Monday, May 29, 2023

To Absent Friends - Tina Turner and Joe Kapp

Yeah, I know.  Tina Turner and Joe Kapp.  What a juxtaposition. 

Tina Turner
1939 - 2023

The death of Tina Turner at the age of 83 last week probably shouldn't have come as a shock, but it was nonetheless, especially since we had just seen her remarkably portrayed at the Benedum Theater earlier this month in the Broadway in Pittsburgh production of "TINA: The Tina Turner Musical."  It brought to life the memories of seeing Ms Turner perform so many times over the years on television, and did anybody embody the glory days of MTV more than Tina Turner?

I can think of no better tribute than sharing this compilation video of Tina Turner doing one of her signature numbers, CCR's "Proud Mary."

Her death also brought to mind memories of a Halloween party that Marilyn and I attended in 1985.   I was Bruce Springsteen in all of his Born in the USA glory, and Marilyn was Tina Turner.  

Get a load of those 
gams on "Tina"


********


Back in the early days of what has come to be known as "The Super Bowl Era" in the NFL, the Minnesota Vikings hired Canadian Football League coach Bud Grant to be their head coach, and he brought CFL quarterback Joe Kapp with him.  Grant and Kapp soon had the Vikings playing in the Super Bowl, the IVth one to be exact.  It was a Super Bowl that they would lose to the Kansas City Chiefs, but it marked the beginning of a period where Grant would take the Vikings to four Super Bowls.

Kapp and Grant

Those Vikings were known for tough and hard hitting play - remember the Purple People Eaters defense? - and Kapp was the perfect QB for those teams.  He was hardly a stylish quarterback, even circa 1970, and he probably wouldn't make it in the NFL today.  His long passes resembled a guy throwing a shot put, but he was as tough as they come, challenging defenders when he took off running, hitting them head on rather than running out of bounds.  The Sports Illustrated cover depicts him perfectly.  

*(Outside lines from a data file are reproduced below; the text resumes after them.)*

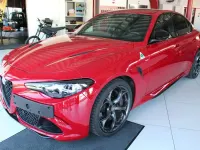Gebraucht Alfa Romeo Giulia Quadrifoglio 519 PS (381 kW) 2024 Rot Limousine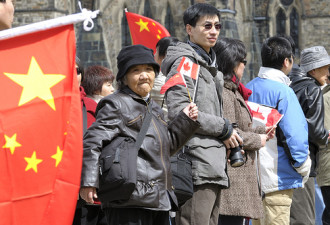 413征文选: 海外华人可不可以爱中国？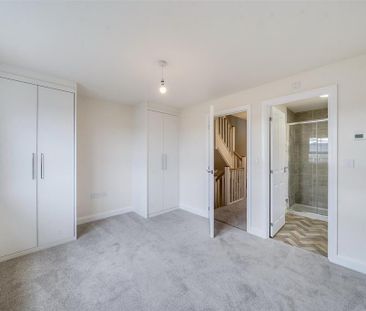 4 bedroom end of terrace house to rent - Photo 3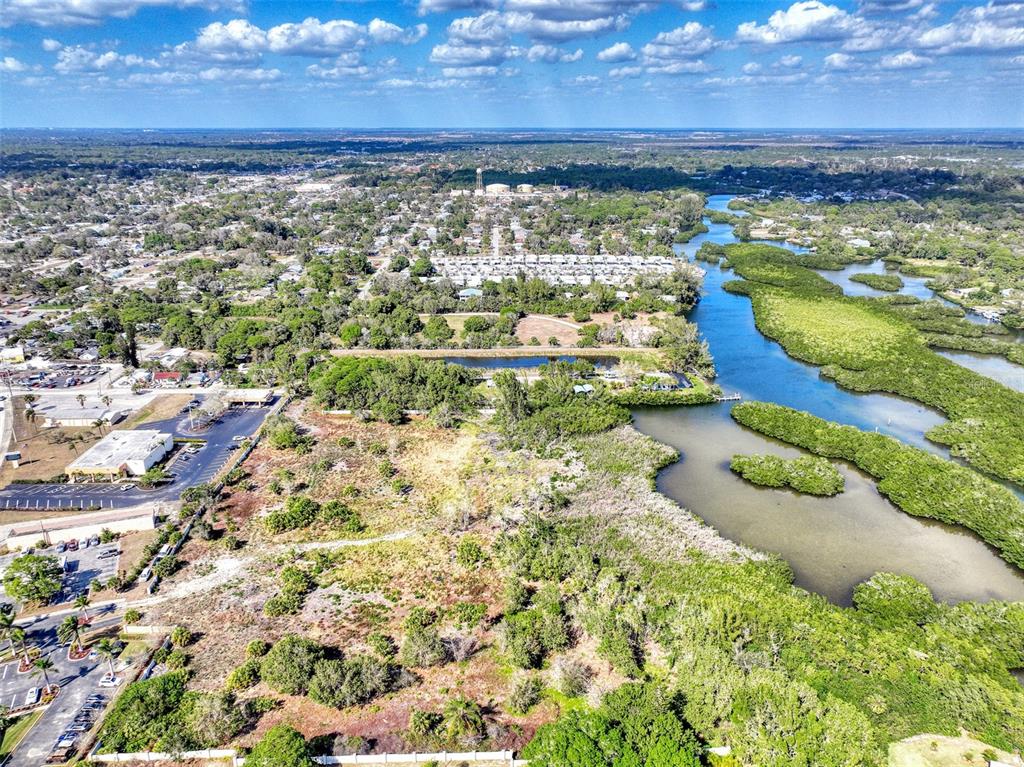 201 East Bay Heights Road Englewood, FL 34223 - Photo 9 of 10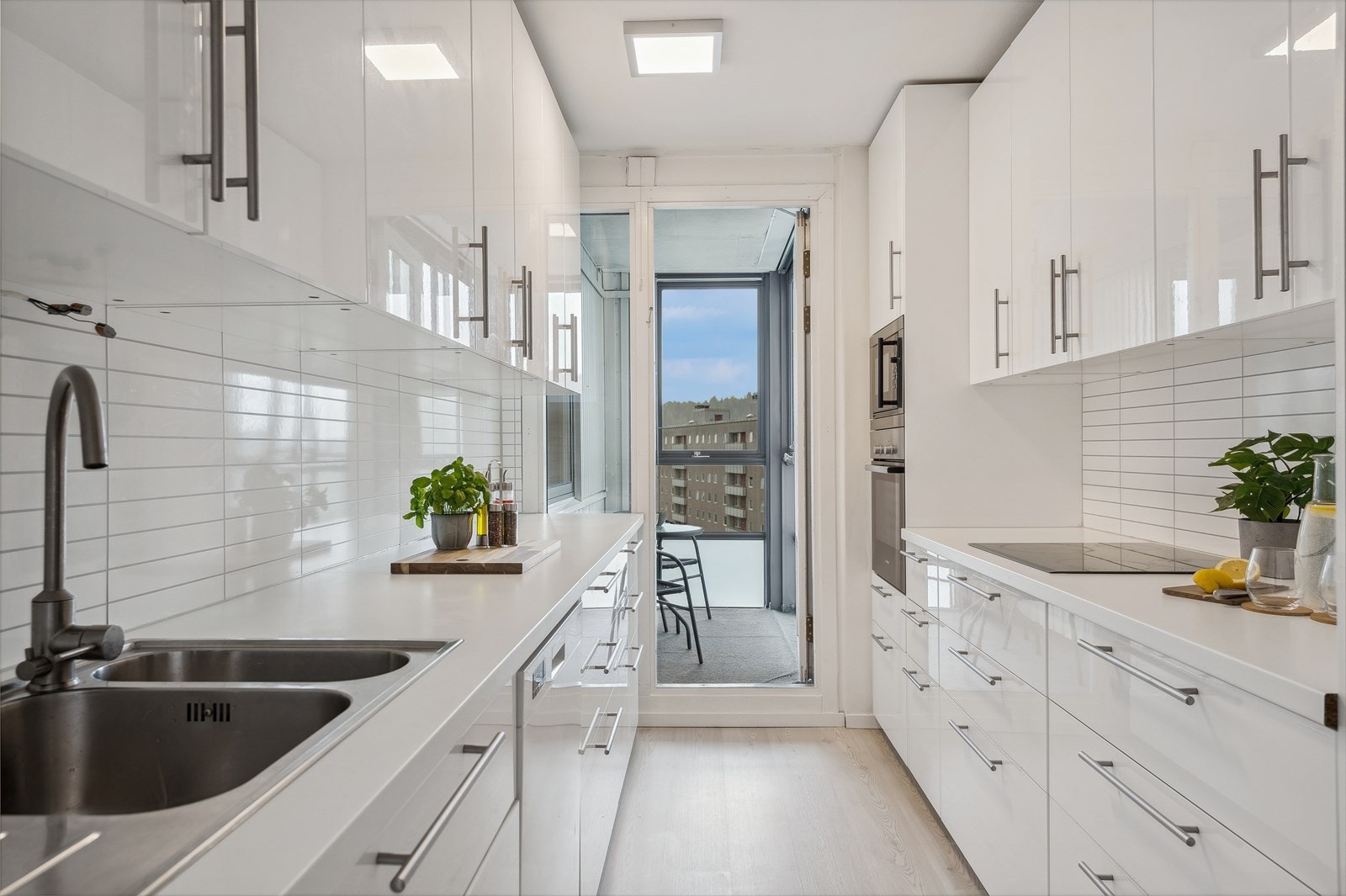 Direkte utgang til en koselig balkong Galleribilde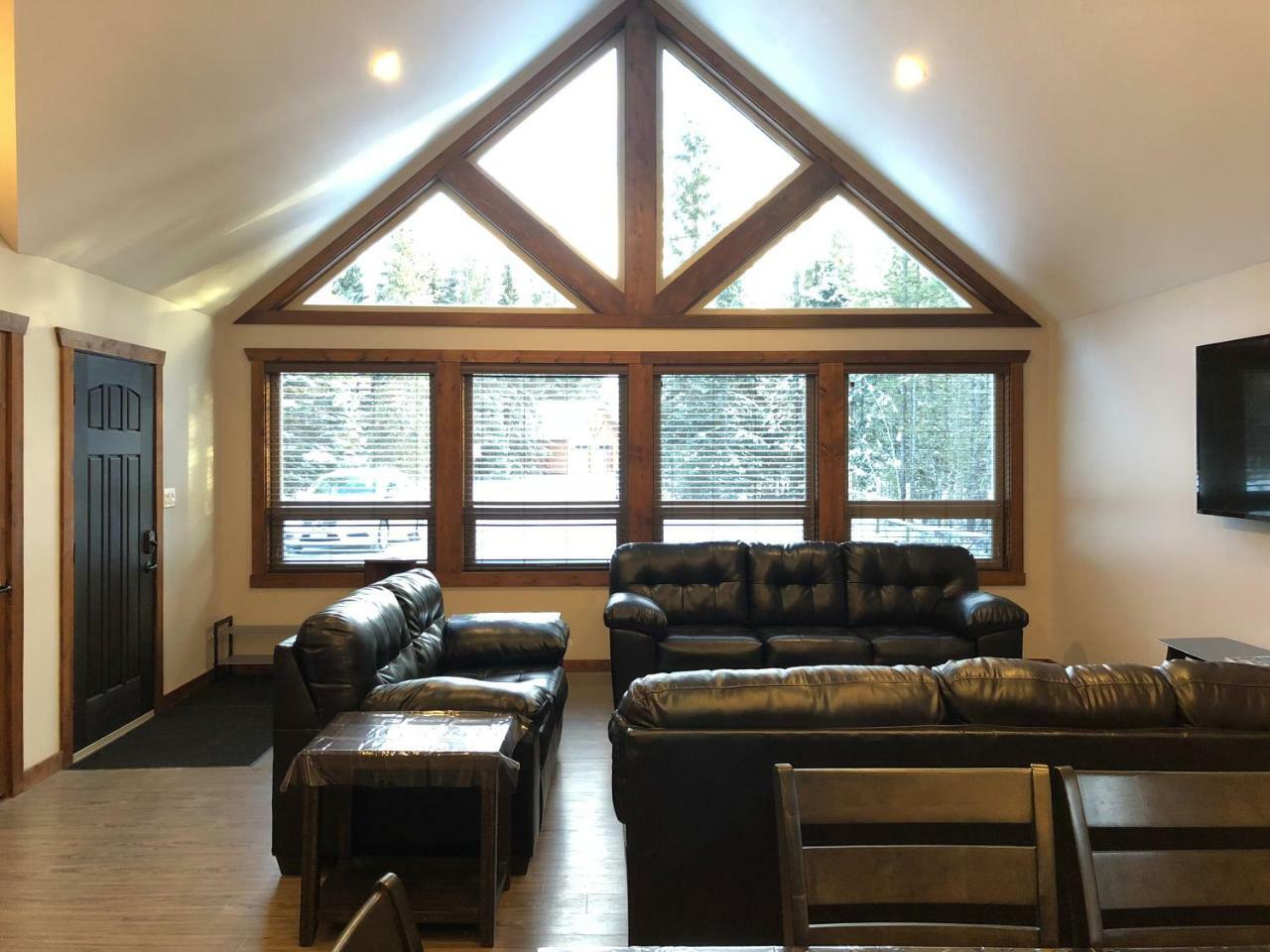 Wolf Den Villa Valemount Luaran gambar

Kapp was 85 when he died earlier this month.  In addition to my memories of him that came back to me, I learned a couple of interesting things about him when reading his obits.   One, he became one of the leading advocates for the Chicano/Latinx community throughout his life.  Two, he is the only quarterback to lead his teams to a Rose Bowl, a Super Bowl, and a Gray Cup Championship game. Three, he had a so-so career as a head coach at his alma mater, California at Berkeley (20-34-1 over five seasons) and was the Cal head coach when the Bears defeated Stanford on this game ending kickoff return that ended with the Cal runner plowing into the Stanford band in the end zone.  It is perhaps the most famous play in College Football history, and Joe Kapp was a part of it.  He also fashioned a modest acting career (27 IMDB credits), most notably as a prison guard in Burt Reynolds' 1974 movie, "The Longest Yard."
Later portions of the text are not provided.